# Male or Female Red Zebra?



## LoveAllCichlids (Apr 3, 2021)

Hello. I've read male red zebras have 4-7 egg spots while females have 0-3. This little guy only has 2 egg spots, bit he/she is extremely aggressive and has almost taken over the tank. He/she is (3.5 inches) 2nd in command next in line to the largest fish which is my Acei (5 inches). He even will challenge the much larger Acei sometimes. Also, I read males are more yellow than orange. Can anyone tell me if this a male or female? This guy is in a territory dispute with another red zebra that looks exactly like him but maybe 1/8 inch smaller.


----------



## DJRansome (Oct 29, 2005)

Egg spots are not useful in determining gender. And males are not more yellow than orange...males have a sheen of blue (seen with a flashlight). Mature males turn a peach color.

Maybe it is the angle but the fish lacks the blocky shape I expect on Metriaclima. You said the fish is 3.5 inches?


----------



## LoveAllCichlids (Apr 3, 2021)

DJRansome said:


> Egg spots are not useful in determining gender.
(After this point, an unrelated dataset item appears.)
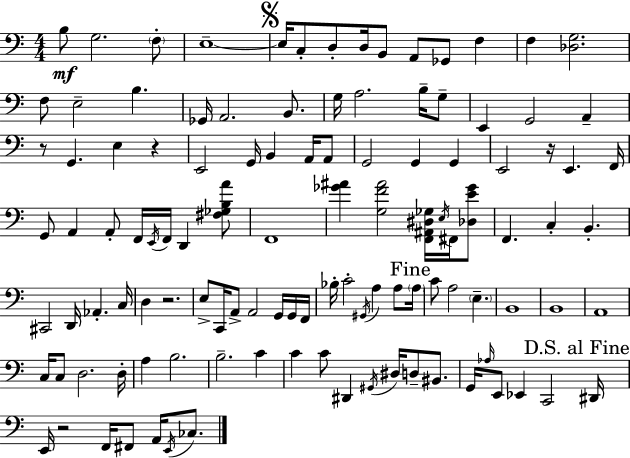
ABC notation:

And males are not more yellow than orange...males have a sheen of blue (seen with a flashlight). Mature males turn a peach color.
> 
> Maybe it is the angle but the fish lacks the blocky shape I expect on Metriaclima. You said the fish is 3.5 inches?


Yes, more than 3, but less than 3.5. I'll get to flash my 1,000 lumen flashlight on it to see if I can see some blue. As for his/her behavior, it's 100% male/aggressive kick everyone's butt in the tank style aggressive. The major head shaking as if he/she having a seizure is also a giveaway. He/she's even challenging the much larger Acei who is currently king of tank.


----------



## LoveAllCichlids (Apr 3, 2021)

So I took your advice and flashed my extremely bright tactical flashlight at each red zebra in pitch dark room and I was pleasantly surprised to see extremely blue tint on the dorsal, pectoral and anal fins of all the red zebras that have 2-3 egg spots and the ones I suspected were male. The ones that don't have the eggs spots (some are larger than 3-3.2 inches) don't have any blue except for one or two that have a tiny 1mm tint of blue on the bottom of pectoral fin. I'm assuming these are female because 1)no blue on dorsal/anal fin except for a tiny blue on pectoral 2)no egg spots 3)behavior is mellow and isn't chasing every fish in the tank.

Here are the pics I took.


----------



## noki (Jun 13, 2003)

Males do get bigger, more distinct eggspots. You often can pick out males that way, as well as males get longer pointed ends to their fins. Females can get small eggspots. Males are paler orange with a blue sheen when mature, natural type males can get almost white with pink spots when adult which are kinda cool. Yellow, never.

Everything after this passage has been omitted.